Hanımefendi kendisiyle aynı görüşte olmayan kimsenin fikirlerini hesaba katmıyor :) Boşuna yazıyorsunuz, insanlar boşuna güzel güzel bir şeyler anlatmaya çalışıyor burada. Yazık kıza üzüldüm.
 
Tam tersi köklü bir üniversite de alınan eğitimin her açıdan Anadolu'da okunan bir üniversite açısından daha faydalı olacağını düşünüyorum. İK müdürü olan bir arkadaşım diplomanın hangi üniversiteye ait olduğunun işe alımda önemli bir kriter olduğunu söyler hep.

Ama şu konu da haklısınız diplomada edindiğin mesleğe kattığın donanım (dil, yüksek lisans, master, artı alınan eğitimler) mesleki anlamda üniversite farketmeksizin bir kaç adım öne çıkarıyor.

Çocuğunuz yanınızda bile okusa bir kaç saat haber alamadığınızda yada geç saatte eve geldiğinde ararsınız, bu kısıtlama değil çocuğunun durumundan haber almak içindir. Çünkü gerçekten kötü bir zamanda ve içi karışmış bir ülkede yaşıyoruz. Biraz geciktiğinde eşinizi onu kısıtlamak yada engellemek için mi arıyorsunuz mesela?

Kızım bulunduğumuz şehirde okuyacak ve daha ilk seneden mesleğiyle ilgili bir işte çalışması, bunun ona teori kadar pratikte de faydası olacağı, işiyle ilgili çevre edinmesi anlamında artıları olacağı konusunda uyarıyorum şimdiden.

Ve üniversite hayatında kendisine katacağı donanımlarla yurt dışı kapılarını nasıl açacağı hakkında beyin fırtınaları yapıyoruz. Hatta mesleğini yurt dışında yapmak istemese bile dil, erasmus, master, yüksek lisans gibi sebeplerle bir süre yurt dışına çıkması gerektiği hakkında fikir veriyorum.

Kendisine güvenen bir birey olması, hayata hazırlanması, her girdiği ortamda kendisini rahatlıkla ifade edebilmesi için kendi çamaşırını yıkaması, marketini görmesi, evini temizlemesinin değil büyüdüğü aile ortamının daha önemli olduğunun idrakındayım üstelik.

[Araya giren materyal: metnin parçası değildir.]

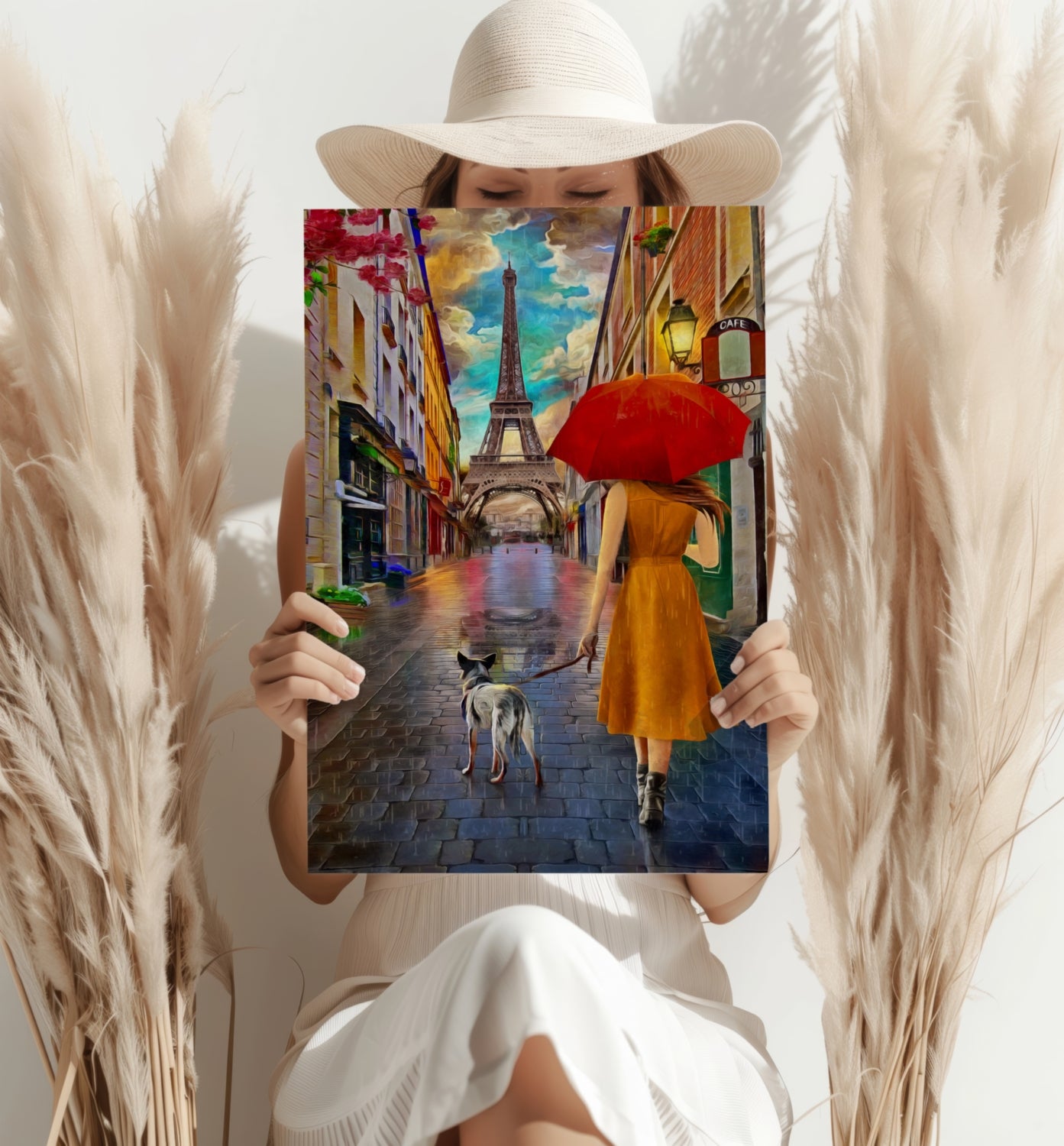 Eiffel Tower Aluminum Print.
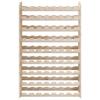 Vidaxl Stojak Na Wino, 72,5X25X111,5 Cm, Lite Drewno Sosnowe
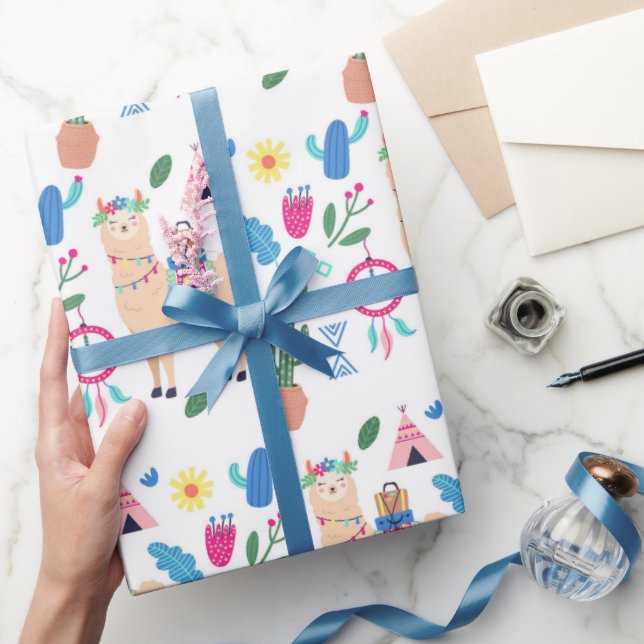 Niedliche Weihnachtszeit Geschenkpapier (Schenken)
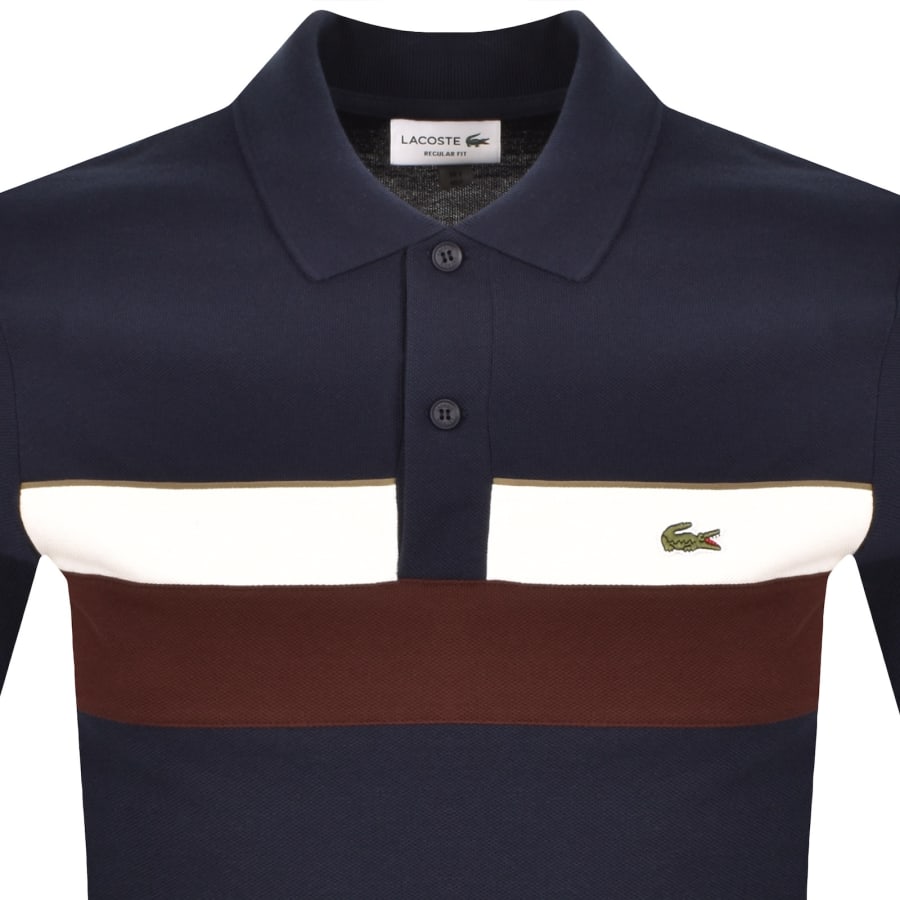 Image number 2 for Lacoste Colour Block Polo T Shirt Navy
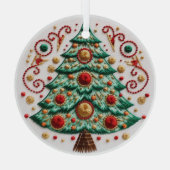 3D Geborduurde Boom Kerstmis ornamenten (Achterkant)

He üniversiteyi bulunduğumuz şehirde okuyacak ama yazın work and travella yine yurt dışı planlanımız var.
 
Şu kısma yorum yapmak istedim
Ankara üniversitesi ve İzmir 9 Eylül arasında bir Anadolu üniversitesiyle denk tutulacak kadar fark var mı gerçekten?

Çocuk Kayseri, Malatya, Trabzon filan deseydi anneye hak vereceğim de
Ankara ile İzmir arasında mutlaka engellenmesi gerekecek kadar bi fark yoktur bence
 
Yanınızda daha güvenli olacak diye birşey yok. Son bir yıl içinde cinayetleriyle gündem olan bazı genç kızlar aileleriyle yaşıyordu mesela.

Üniversiteyi şehirdışında okumak iyidir. İnsana özgüven ve sorumluluk kazandırır. Yalnız hazırlıktan itibaren kendi evime çıkmış biri olarak ilk yıl ev tutma fikrini desteklemiyorum. Öyle olunca insan liseden arkadaşlarıyla şehir hayatını ve öğrenci evini deneyimlemeye odaklanıyor daha çok. Okula daha geç adapte oluyor ve daha geç sosyalleşiyor.

İlk yıl mümkünse okulun kendi yurdunda ya da okula yakın bir yurtta kalsın kızınız. Okul aktivitelerine klüplerine katılsın. Aynı bölümden arkadaşlar edinsin. Daha iyi olur onun için. Hem üniversite hayatına hem ev yönetmeye adapte olmak zorunda kalmaz. Maddi durumunuz iyiyse 2. Yıl ev tutarsınız zaten.
 
Hacettepe ya da Bilkent konservatuvarı olsa kesinlikle Ankara kızınızın geleceği için daha iyi olur derdim.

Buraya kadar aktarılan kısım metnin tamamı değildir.